Coulomb forces can be used to levitate, move and place substrates (IC's) into various positions to form antenna components or sections that adjust the physical dimensions of antennas. Thus, antennas can be adjusted in the field to better match the carrier frequency.  Several antennas: the Yagi, the patch, the bow-tie, the meanderline, and the dipole antenna can be adjusted to benefit from this adjustment. As more antennas can be placed on a substrate, additional flexibility occurs such as using an antenna at a given carrier frequency to transmit a signal while the second antenna can be used to receive the signal at a different carrier frequency.  Many of these techniques are also applicable to inductor construction.

     Orthogonal antenna configurations are an important capability for complex antenna systems. An antenna picks up signals from a transmitter typically after the signals have been reflected from various surfaces. Thus, the complete incoming signal composed of signals that are delayed, polarized in different orientations, arriving from different directions, and of course decreased in magnitude. The difficulty is the development of nulls in the radio spectrum that decreases the intensity of the information. If an antenna with a given polarization is placed right at this point then the signal intensity can be lost. The other two polarizations associated with this radio spectrum may have signal intensity at this point; but the antenna unfortunately is not equipped to capture these signals. Ideally, the complete antennas should have three antennas that are orthogonal to each other. Several reasons have prevented this from being standard equipment: 1) the cost of manufacturing the equipment; 2) the volume displaced to enable these antennas (covering three orthogonal directions); and 3) the need for three antenna ports on the front end or the ability to easily switch between the three antennas. As carrier frequencies increase, the wavelength of the carrier decreases. At 75GHz, the wavelength of the carrier is comparable to the dimensions of the substrate allowing the formation of the antennas on the substrate. However, reconfigurable systems are not limited to these high frequencies. At lower frequencies: PCS, GPS and GSM, the antenna would be an ESA making the design of the communication system with regards to the front end more difficult.

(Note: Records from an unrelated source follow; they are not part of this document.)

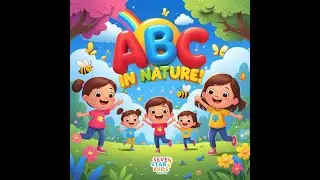 Alphabet in Nature | ABC Song for Kids | Learn the Alphabet with Nature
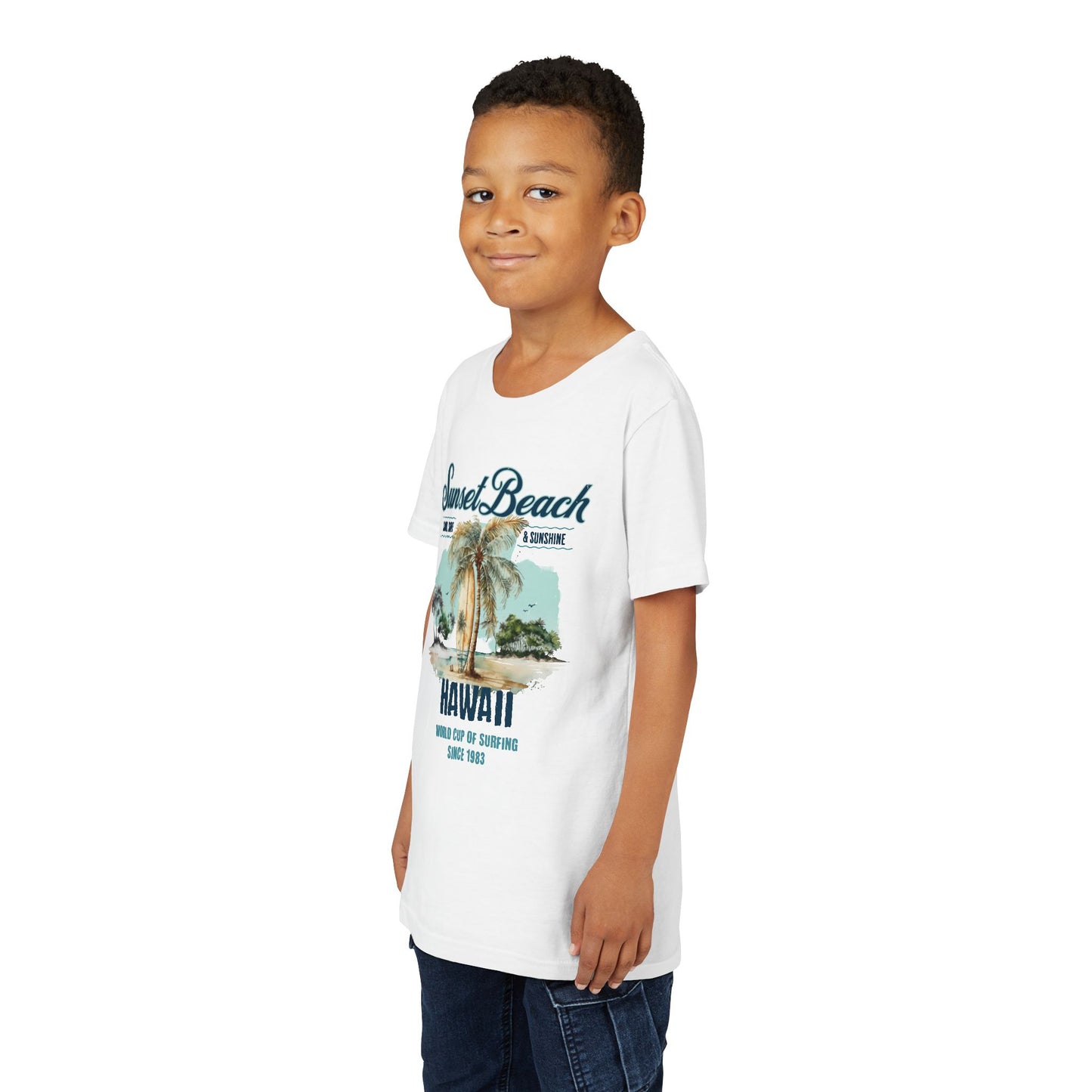 Hawaii Sunset Beach Kids' T-shirt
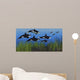Several Seals Try to Wall Decal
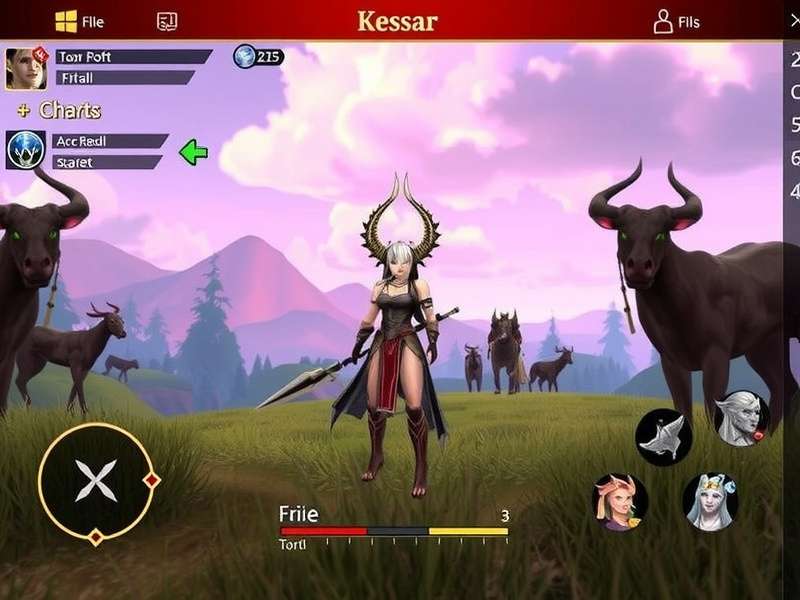 Kesar Grand Hunt character customization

     MIMO can benefit from this technique as well since MIMO operates on a single signal that is sent on (n) multiple antennas such that each of the (n) signals received have traveled different paths. MIMO radio use n-antennas simultaneously to extract the n-signals and combine the n-signal energies that are related. Conversely, the antennas can be used in a MIMO system to provide a multi-channel wireless communication where the antennas can be moved on the surface of a substrate to improve reception.